The lines are funny; Turner has a boxer sense of the two-beat rhythm of jokes. But it was Wiseman who first sounded the spotlight as a brightly dim belle. “An Octoroon” by Branden Jacobs-Jenkins at the same time it makes them funny. While she focuses her anger on the wedding as a false celebration — “I’ve seen more believable fire drills,” says Carlo, where attachment really gnaws at his own wound. For those who are not very good at falling in love, such gifts are worse than embarrassment; they are torture.

The 70-minute live production of LCT3 masterfully directed by Jenna Worsham gives us both of these elements right away. A huge labial paper-flowered chandelier hangs from the ceiling of the Maruti Evans set; a cheerful but ominous “Til Death” sign spreads its neon message among Oona Curley’s string lights and lanterns. However, neither the game nor the design fully support Carlo’s one-sided view. The eclectic playlist (voiced by Fan Zhang) is exactly the kind you want to dance to, and the flattering costumes (by Oana Botez) are the kind you want people to dance to.

It’s particularly clever to let Eva (Rebecca S’manga Frank) look gorgeous in a truly elegant dress; she’s not a comic book bride, and while we may never find out exactly what happened in her relationship with Carlo, it’s clear she had a good reason to end it.
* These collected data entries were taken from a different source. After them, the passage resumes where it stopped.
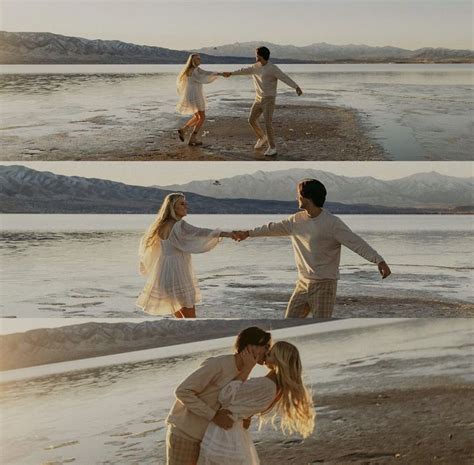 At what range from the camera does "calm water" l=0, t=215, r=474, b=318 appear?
39.1 ft

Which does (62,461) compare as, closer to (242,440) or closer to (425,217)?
(242,440)

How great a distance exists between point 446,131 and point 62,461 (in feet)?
12.2

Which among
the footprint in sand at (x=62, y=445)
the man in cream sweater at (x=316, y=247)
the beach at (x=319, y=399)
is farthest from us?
the footprint in sand at (x=62, y=445)

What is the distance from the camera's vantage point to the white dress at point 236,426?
248 inches

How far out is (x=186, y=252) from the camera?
8141 millimetres

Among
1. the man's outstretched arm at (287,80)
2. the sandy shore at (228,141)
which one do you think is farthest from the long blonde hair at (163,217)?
the sandy shore at (228,141)

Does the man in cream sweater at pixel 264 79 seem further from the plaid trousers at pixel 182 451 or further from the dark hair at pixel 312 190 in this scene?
the plaid trousers at pixel 182 451

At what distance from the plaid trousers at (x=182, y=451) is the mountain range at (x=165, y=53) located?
5.21m

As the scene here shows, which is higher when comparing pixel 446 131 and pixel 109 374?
pixel 446 131

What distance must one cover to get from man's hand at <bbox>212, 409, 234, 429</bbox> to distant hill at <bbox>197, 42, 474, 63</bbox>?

And if Carlo, in mourning, has turned into exemplary anger – Turner openly compares him to the Old Marine. Coleridge’s poemshe appeals to her wedding guests with her gruesome tale—legitimate beef has never entirely stopped us from viewing other partygoers as shambles of kindness and monstrosity.

The game is structured to expose this contradiction in the series of one-on-one encounters with Carlo. An ax bridesmaid named Carly (Keren Lugo) tells her “you won’t fail if you decide to leave”, but later returns to console her. Eva’s drunken mother, Maria (Carolyn McCormick), denies the RSVP blunder but later rejects Carlo herself. A guest named Eli (Will Rogers) says he plans to propose to his partner at the party, so he “emotionally misses” the festivities (as Carlo warns him) – it’s apparently his thing, not his. However, it is much more complex than it seems at first glance.

So does Leigh (Han Van Sciver), an androgynous Lothario who uses pronouns. Leigh’s flirtation with Carlo – suggesting they leave the party for a romp elsewhere – seems innocent enough at first, despite Leigh’s brother being the groom. When that innocence is later questioned and the selfish side of sexual freedom is revealed, the game still refuses to dismiss Leigh outright.

If Turner’s faith in her characters doesn’t always come back—Maria, who only gets one scene, feels subtly, and Leigh is never fully consistent despite Van Sciver’s shrewd performance—his faith in the audience is an entirely successful investment. Their jokes often have long lead times, with one scene fiction, another payoff. The plot, too, lays before you, confident that you will survive in delightful obscurity until the loose threads are finally gathered. In one case, a line sung by the overburdened waiter (Jorge Donoso) requires almost 40 pages of script to deliver a pinhole prize.

This writer’s patience is part of what makes “At the Wedding” so fresh; While there’s a lot of one-sidedness, it’s not a load-up comedy that imposes its laughter on you or makes its intentions too obvious. (“bull in a grocery storeTurner’s professional playwriting debut seen at LCT3 in 2017 was a little more boisterous and insistent.) The way Turner reshapes the wedding genre for our time, inviting new characters to the party is also refreshing.

He does this thoughtfully and subtly enough not to seem trendy or polemical. Rather, it is central to the game’s examination of how our traditional ways of connecting people operate in a world that is always more diverse than its institutions.

For “At the Wedding” these institutions now include more than just marriage, which many queer people can choose if they want, in tailored-cut forms like Eva’s gorgeous dress. They include love itself and its loss. For Carlo, and sometimes for all of us, love is the albatross hanging around our neck and the sad story we have to tell forever. Funny if you’re not.

at the wedding
At the Manhattan Claire Tow Theater until April 17; lct.org. Working time: 1 hour 10 minutes.